Parakeet Dictation
March 12, 2026 · View on GitHub
On-device voice typing for Linux / Wayland with built-in punctuation and capitalization — no cloud API, no GPU required.
Uses sherpa-onnx to run NVIDIA NeMo ASR models locally, including Parakeet TDT 0.6B, one of the highest-accuracy open-source speech recognition models available. Unlike Whisper-based dictation tools, Parakeet produces natively punctuated and capitalized output with no post-processing — making it ideal for live typing workflows.
Validated on Ubuntu 25.04 with KDE Plasma 6 / Wayland.
Note: This is a Wayland-only tool. X11 is not supported.
Why not Whisper?
Whisper is excellent for batch transcription but has drawbacks for live dictation:
- No native punctuation control — requires separate punctuation models or heuristics
- High latency — designed for processing complete audio files, not real-time segments
- Heavy — even
whisper-smalluses more RAM than Parakeet TDT 0.6B (int8) while being less accurate for English
The NeMo family (Parakeet, Canary, Nemotron) was designed for production speech pipelines and outputs punctuated text natively. Parakeet TDT 0.6B v3 achieves state-of-the-art word error rates on English benchmarks while running ~30x real-time on CPU.
Why sherpa-onnx?
sherpa-onnx provides a clean, optimized runtime for running ONNX-exported NeMo models. It handles feature extraction, decoding, and streaming — all in a single Python package with no external dependencies beyond ONNX Runtime. This avoids the overhead of full NeMo/PyTorch and enables efficient CPU-only inference even on laptops.
Model Profiles
| Profile | Model | Type | Params | Download | Best for |
|---|---|---|---|---|---|
| desktop | Parakeet TDT 0.6B v3 (int8) | Offline (VAD-segmented) | 600M | 639 MB | Desktop/workstation — best accuracy |
| laptop | Canary 180M Flash (int8) | Offline (VAD-segmented) | 180M | 198 MB | Laptop, low RAM, travel |
| streaming | Nemotron Streaming 0.6B (int8) | Online (frame-by-frame) | 600M | 631 MB | True real-time — lowest latency |
Model types explained
- Offline (VAD-segmented): TEN VAD detects when you pause speaking, then sends the completed speech segment to the model. You get punctuated text ~1–2 seconds after each pause. Best accuracy.
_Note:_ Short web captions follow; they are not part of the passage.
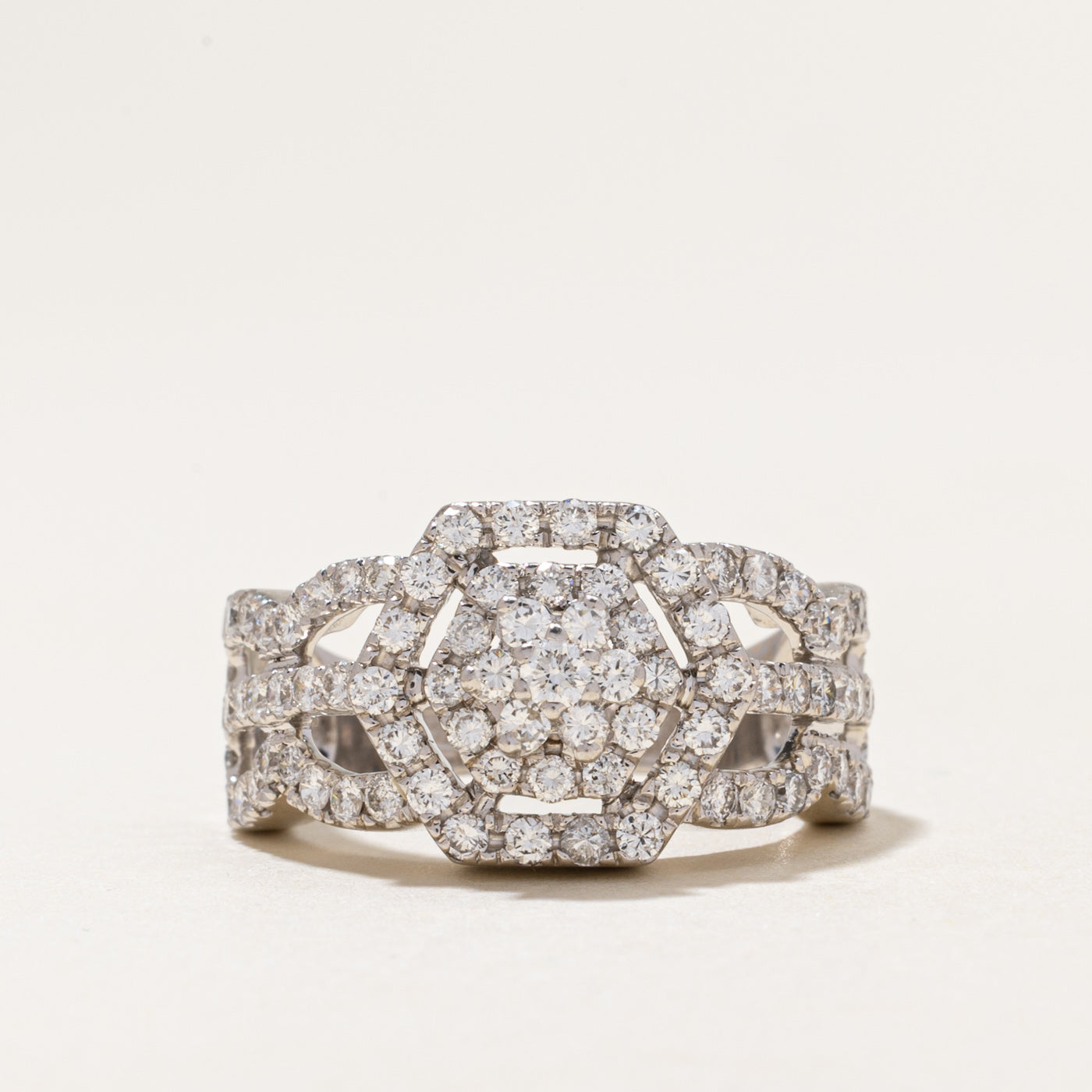 18k Old European Cut Diamond Cluster Cocktail Ring | 1.37ctw | SZ 7.25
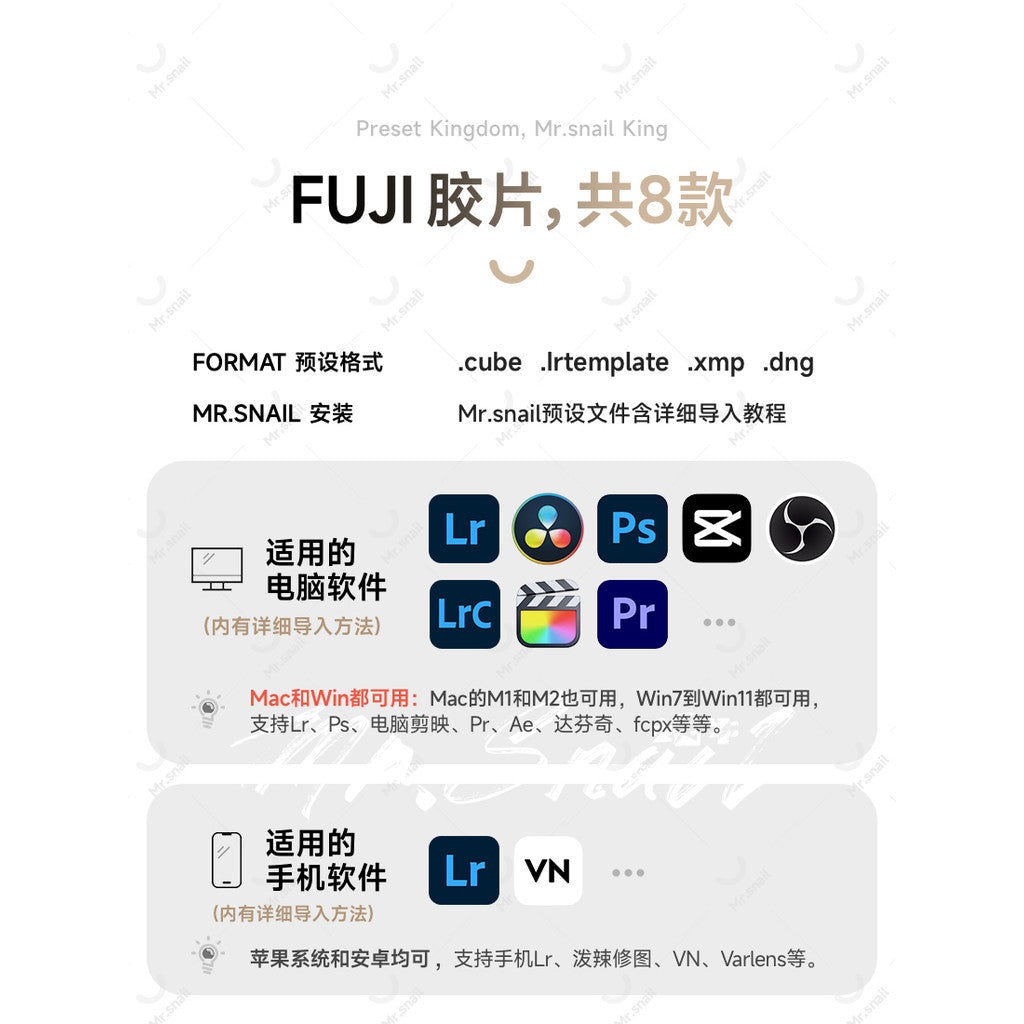 📸 Mr.241 Fuji Film - Lightroom Preset (Mobile, Capcut, DaVinci, PS)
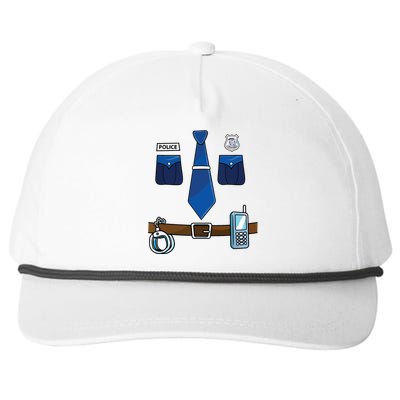 Police Costume For Halloween Police Officer Snapback Five-Panel Rope Hat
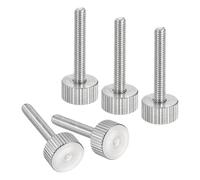 TA-VIGOR M4x25mm Knurled Thumbscrew Bolts 5pcs, Flat Knurled Head Thumb Screws Fully Threaded Fasteners 304 Stainless Steel for Home, Machinery, Server Panels, 3D Printers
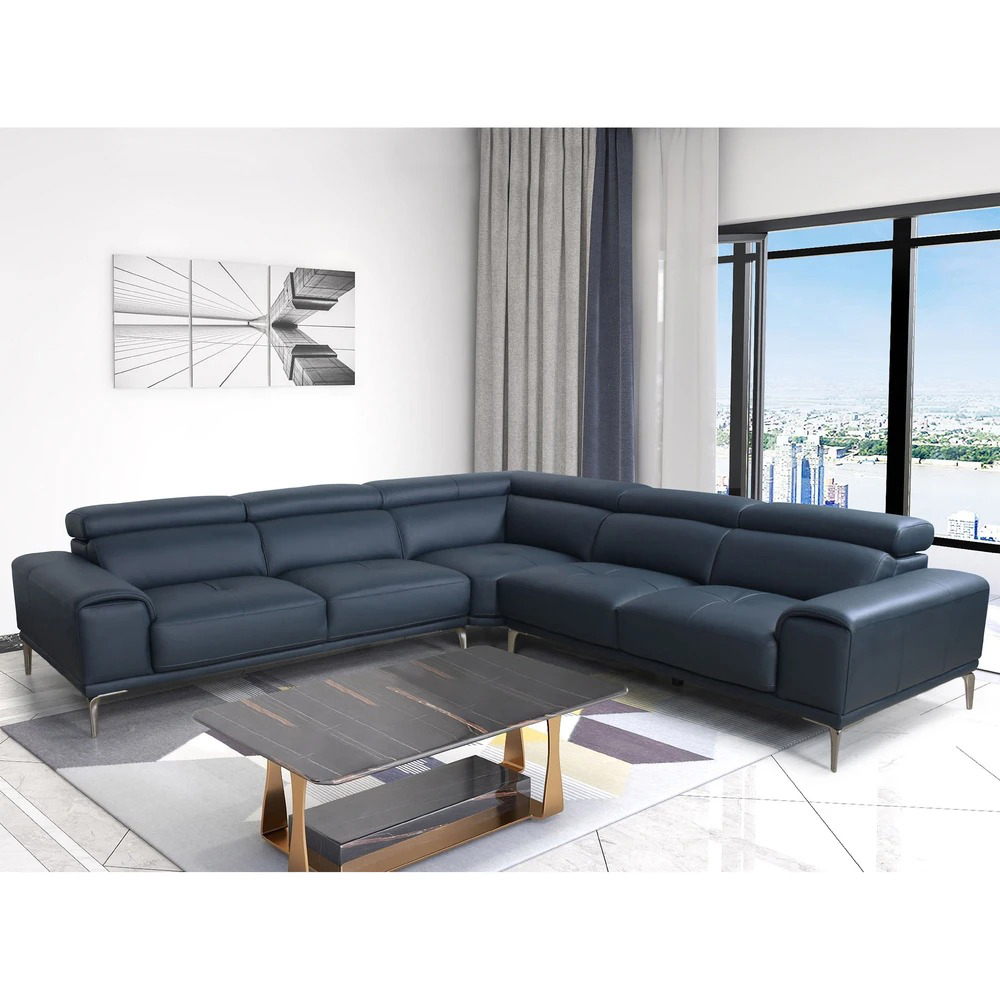 Abbyson Living "Quinton" Top Grain Leather Sectional with Adjustable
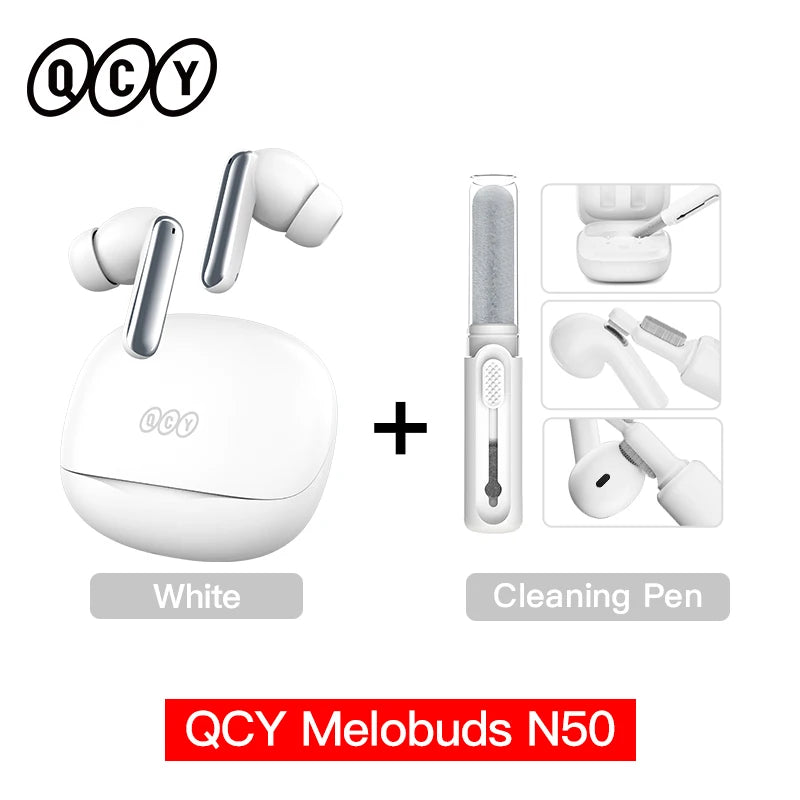 Fone de Ouvido QCY Melobuds N50 ANC Bluetooth 5.4 Cancelamento de Ruído Adaptativo 6 Mics Multipoint Bateria 28h Original QCY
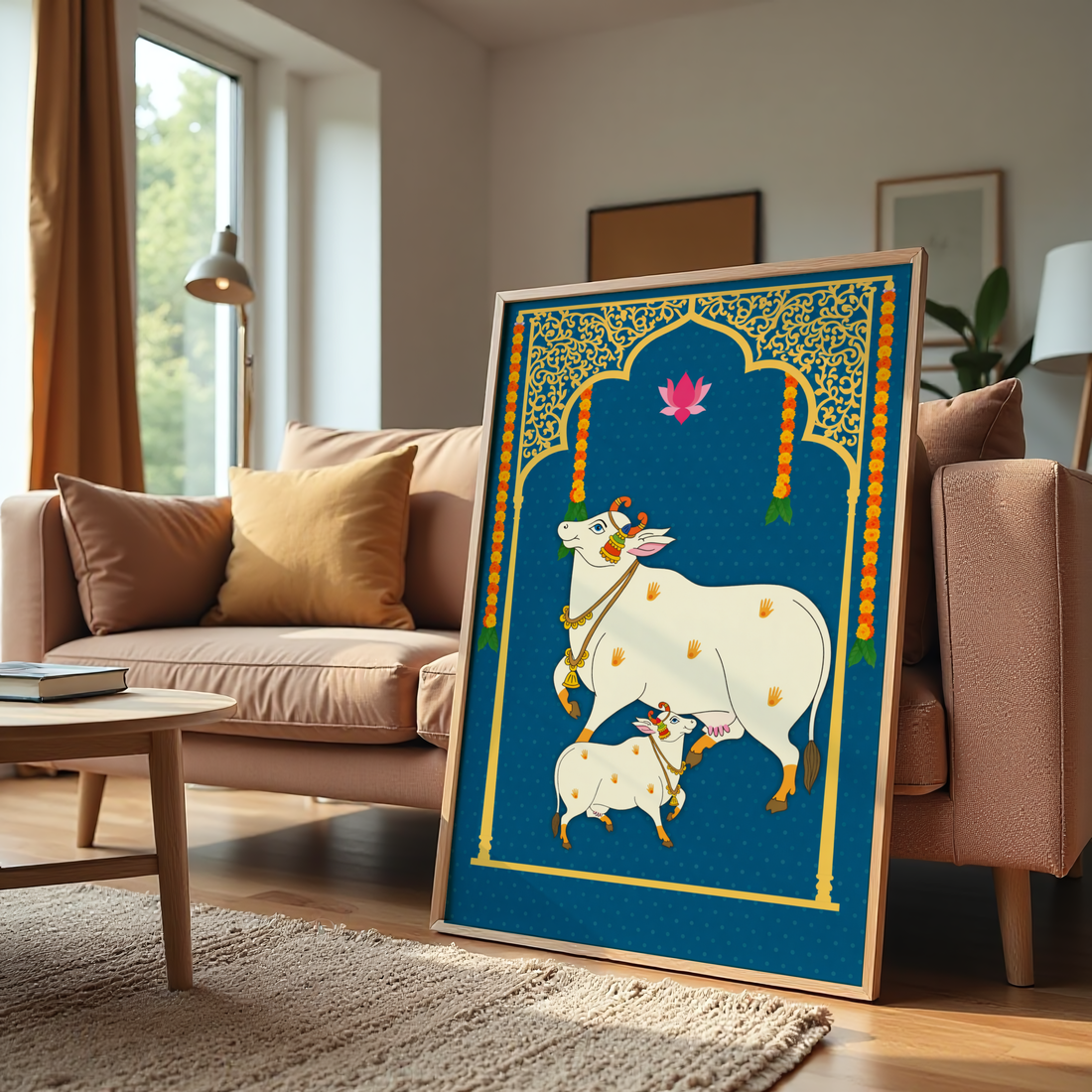 Sacred Gaumata Cow and Calf Canvas Wall Art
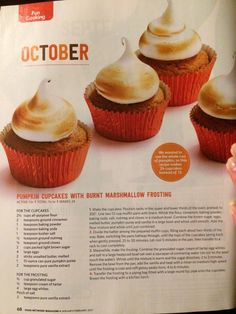 an image of some cupcakes with marshmallow frosting on them for october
- Online (streaming): The model processes audio frame-by-frame as you speak, outputting partial results in real time. Lower latency, but slightly different sentence boundary behavior.
All models output punctuated, capitalized text natively.
Choosing a model
- Desktop/workstation with plenty of RAM: Use
desktop(Parakeet TDT 0.6B). Best accuracy, handles accents and technical vocabulary well. ~2 GB RAM. - Laptop or low-RAM machine: Use
laptop(Canary 180M Flash). Only 198 MB download, ~500 MB RAM. Supports English, Spanish, German, and French. - Lowest possible latency: Use
streaming(Nemotron Streaming 0.6B). Text appears as you speak rather than after pauses. English only.
Install
Option A: .deb package (recommended)
git clone https://github.com/danielrosehill/parakeet-dictation.git
cd parakeet-dictation
chmod +x build-deb.sh
./build-deb.sh
sudo dpkg -i parakeet-dictation_1.0.0.deb
sudo apt-get install -f # resolve any missing deps
sudo /opt/parakeet-dictation/setup-pip-deps.sh
parakeet-dictation
Option B: Run from source
git clone https://github.com/danielrosehill/parakeet-dictation.git
cd parakeet-dictation
uv venv .venv
source .venv/bin/activate
uv pip install -r requirements.txt
# Download models (or use the in-app model manager)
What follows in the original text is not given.